Ireland’s place within the UK Common Travel Area, as well as the EU, makes it a prime target for asylum tourists, with the process in years gone by being notoriously clogged up by Albanians, Nigerians and Georgians seeking easy entry.
An outlier even by European standards, you know it’s bad when even the Brits are aghast at how far the Irish State has left the door ajar in its Ukrainian response.
My prediction is that this spring of welcomes will segue into a summer of chaos, followed by some harsh words from London and Brussels at the extent to which the Irish State has dropped the ball with its generosity.
One consolation of an increasingly federal union and a Common Travel Area is that an increasingly possible ‘Fortress Europe’ type scenario may force the otherwise feckless Irish State to move with the current on migration.

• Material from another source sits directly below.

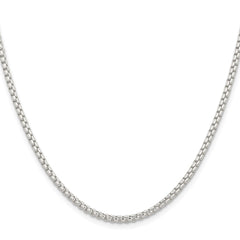 Sterling Silver 2.6mm Round Box Chain - 3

For Irish voters we are witnessing in real time the real priorities of our State, more content with placating foreign capitals and humanitarian interests abroad than providing for its own citizens at home.
Our sons and daughters are packing bags for Vancouver and Sydney while ministers are pulling late nighters sourcing accommodation for Pakistani students arriving from Lviv. The energy of the State is being channelled into building refugee camps in army bases, instead of affordable housing for struggling Irish families.
The real world impact of having such a captured State with a willfully blind attitude towards migration will become glaringly clear no matter how much our regime tries to hide it beneath media fanfare.
Those ready and willing to make a killing from the asylum industry are primed to do so, while the rest of us are forced to contemplate emigration, not to mention those trying to wake up a society from heading down the social and economic tubes.